Even if you don’t know her name, you will know her trademark pageboy haircut and massive sunglasses. Anna Wintour, Vogue editor and fashion luminary, has helmed the high-end fashion glossy since 1988 and has earned the nickname of ‘Nuclear Wintour’ thanks to her infamously fickle temperament.
‘The lady doth protest too much.’ Taken from the lines of Hamlet, one thinks of this statement when watching ‘The Devil Wears Prada,’ the movie is based on a book written by Anna Wintour’s former assistant and based on her time working for the most feared woman in the magazine world. From what one gleans, it would appear that nothing was good enough for ‘Miranda Priestley,’ and the poor assistants didn’t know which way was up or which day it was. It would seem that Wintour’s character also expected the poor girls to read her mind and never sleep.

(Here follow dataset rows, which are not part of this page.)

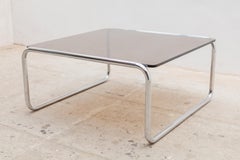 Bauhaus-Stil:: Thonet Chrom und Rauchglas Couchtisch:: 1970er Jahre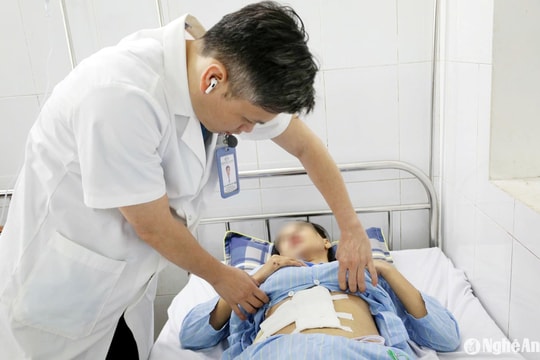 Bệnh viện HNĐK Nghệ An cứu sống bệnh nhân sốc mất máu do chấn thương bụng, vỡ gan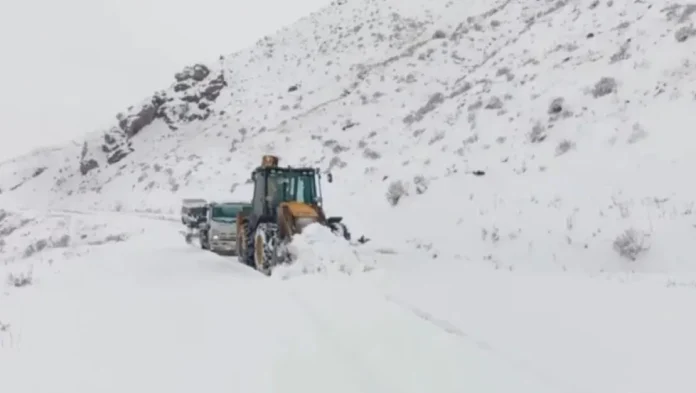 siirt-te-karda-mahsur-kalan-araclar-kurtarildi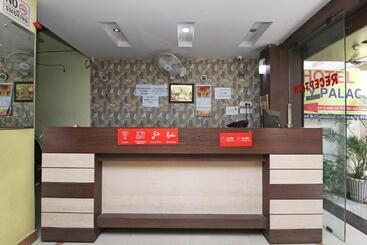 هتل Vaccinated Staff- Oyo 45540 Prakash Inn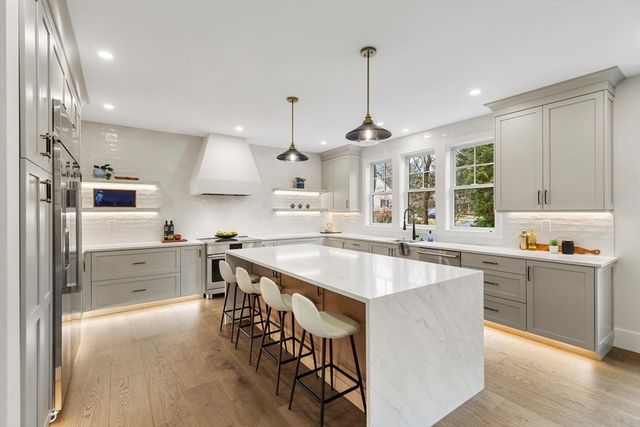 16 Estabrook Road, Lexington, MA 02420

Born in Britain in 1949 to Charles Wintour, Evening Standard editor, Anna started showing a flair for fashion and style at the age of 13. She was certainly no conformist and tried the patience of her teachers when she constantly took up the hemline of her school dress. Faithfully following the trends suggested by Seventeen Magazine – sent to her by her American grandmother – Wintour became something of a clothing guru and her father sought her advice on the latest fashion news for his Evening Standard editions.
At the age of 20 she began her fashion journalism career with Harper’s Bazaar and through her extremely interesting climb up the fashion magazine ladder Wintour always made it perfectly clear that she wanted to be the editor of Vogue. At the age of 30 Anna Wintour was offered an interview for a potential position at Vogue, which did not end well when she told Grace Mirabella (editor of Vogue) that she wanted her job. She eventually got the job, but she started as UK Vogue editor. Her staffers were then treated to her militaristic control and their time under her was referred to as their “Wintour of discontent.”

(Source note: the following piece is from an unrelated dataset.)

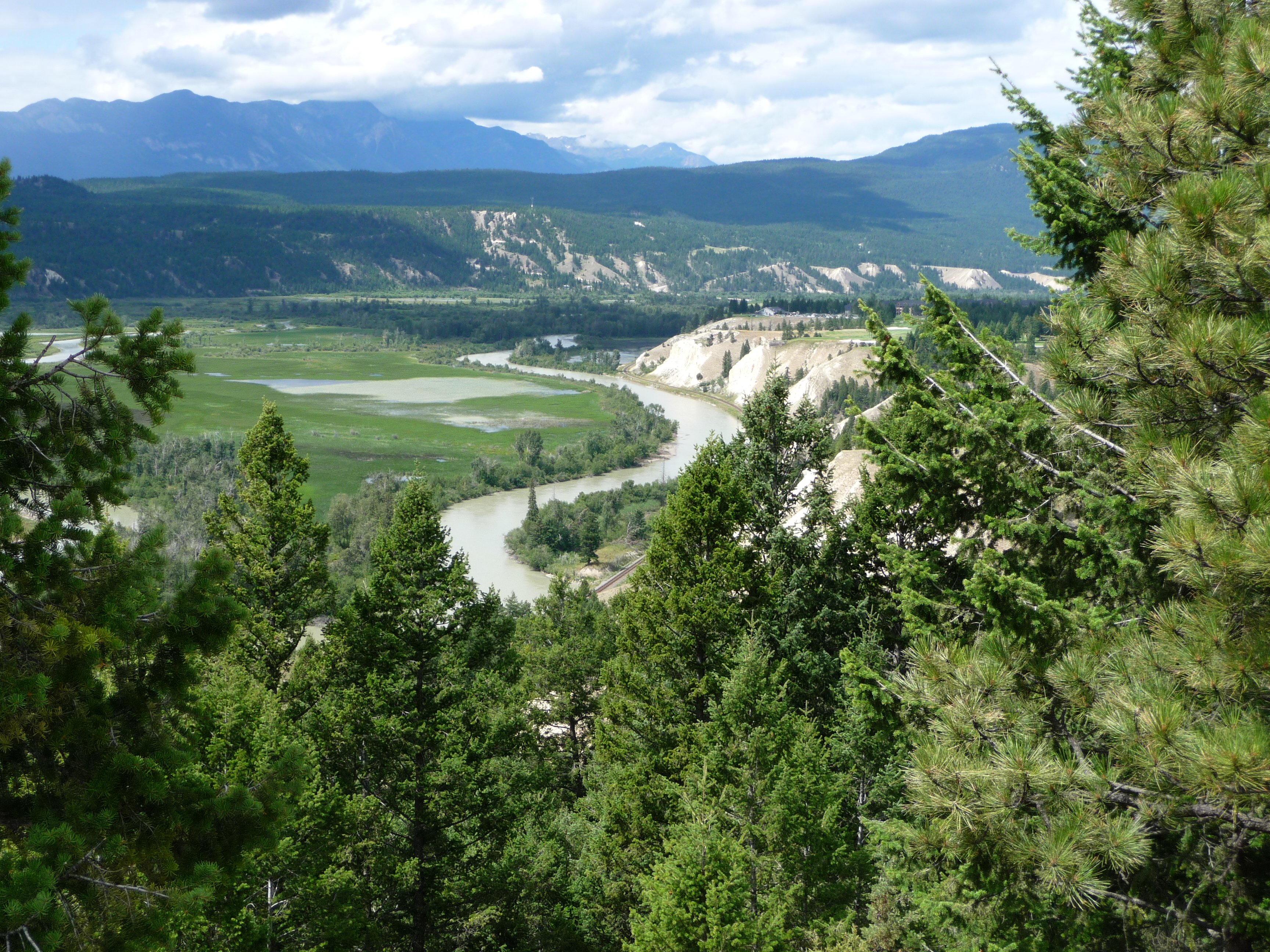 Radium Hot Springs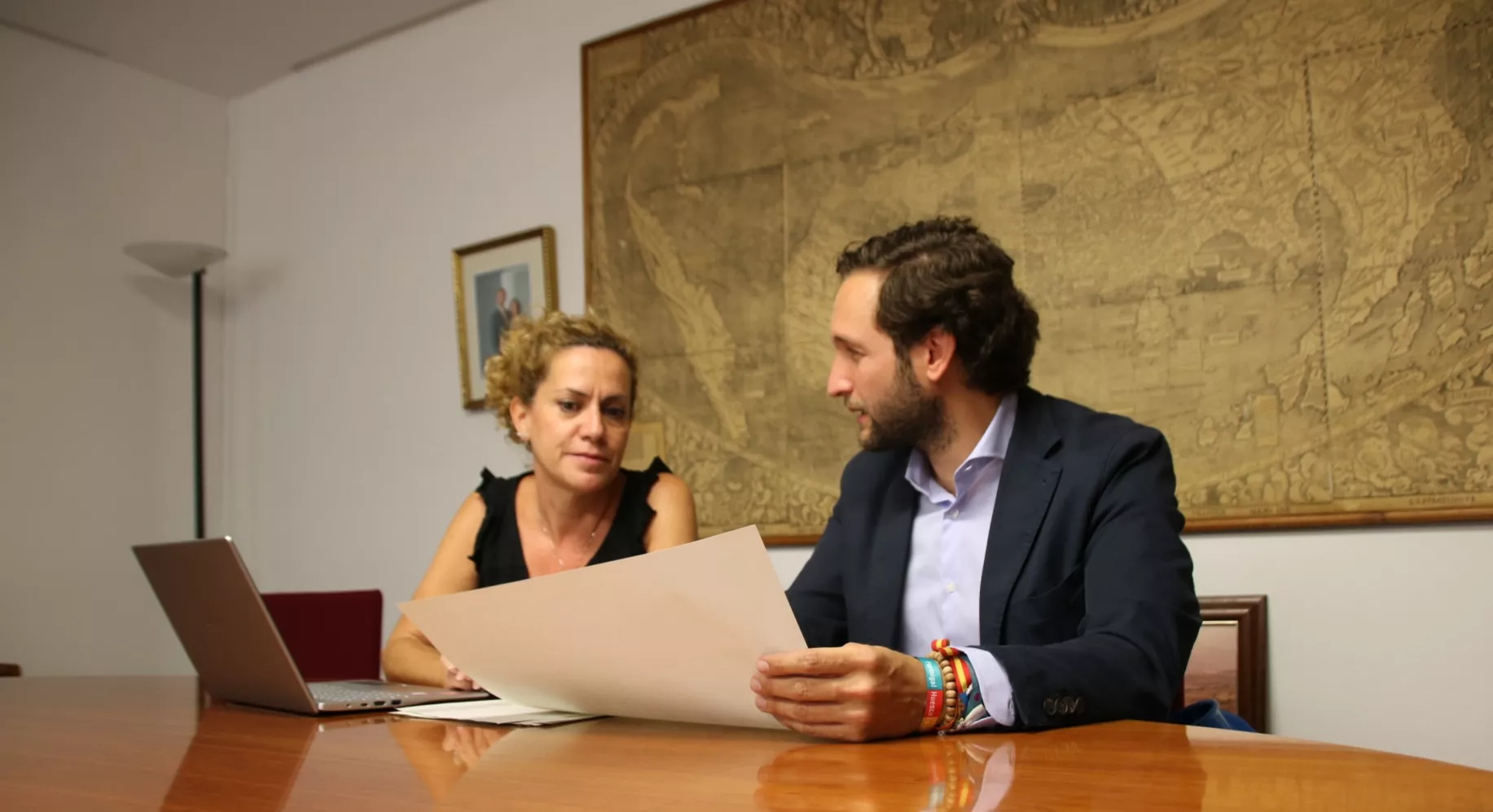 La nueva directora provincial de Educación, Mónica Martínez, y el alcalde de Monzón, Isaac Claver.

Regardless of personal feelings, one could never ever say that Anna Wintour was not talented. She got the job done and her visions and themes for photoshoots may not have been appreciated by others, but one cannot dispute that the lady took Vogue to new heights.
Where other editors feared to tread, Wintour danced. She was the visionary who saw the value in putting celebrities on the covers of Vogue magazines. When other magazine houses were still using regular models in stilted shoots, on front covers, Wintour was organising shoots as naturally or as made-up as the mood took her.
A few decades later and she still helms the magnificent Vogue magazine however there is no doubt that it appeals more to the high-end market. Anna Wintour is the master of fashion and all of her 62 years old can still be seen sitting at the front row at fashion weeks in Paris, Milan and New York. She’s definitely a talented fashion force to be reckoned with.